___ Dataset ___
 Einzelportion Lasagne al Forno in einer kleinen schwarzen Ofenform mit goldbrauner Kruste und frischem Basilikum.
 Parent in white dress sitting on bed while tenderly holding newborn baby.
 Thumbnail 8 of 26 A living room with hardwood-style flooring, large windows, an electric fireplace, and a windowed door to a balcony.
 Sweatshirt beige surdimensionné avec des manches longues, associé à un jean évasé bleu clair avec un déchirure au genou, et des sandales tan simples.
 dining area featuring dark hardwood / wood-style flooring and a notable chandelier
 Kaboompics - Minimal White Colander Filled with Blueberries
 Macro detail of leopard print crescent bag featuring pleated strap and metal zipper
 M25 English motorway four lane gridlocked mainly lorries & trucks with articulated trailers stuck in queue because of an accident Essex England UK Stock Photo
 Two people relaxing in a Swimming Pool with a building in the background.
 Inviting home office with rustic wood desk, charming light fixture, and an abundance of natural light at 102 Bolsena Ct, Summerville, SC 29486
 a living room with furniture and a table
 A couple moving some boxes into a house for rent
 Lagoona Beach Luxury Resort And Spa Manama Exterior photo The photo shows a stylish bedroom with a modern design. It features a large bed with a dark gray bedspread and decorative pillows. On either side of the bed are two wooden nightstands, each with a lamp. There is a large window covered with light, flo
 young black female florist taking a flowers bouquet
___
How to complete this task »
Please give back, exactly as it stands above, the stretch from the line with "Macro detail of" through the line with "Two people relaxing", and no line outside it.

Solved problem »
 Macro detail of leopard print crescent bag featuring pleated strap and metal zipper
 M25 English motorway four lane gridlocked mainly lorries & trucks with articulated trailers stuck in queue because of an accident Essex England UK Stock Photo
 Two people relaxing in a Swimming Pool with a building in the background.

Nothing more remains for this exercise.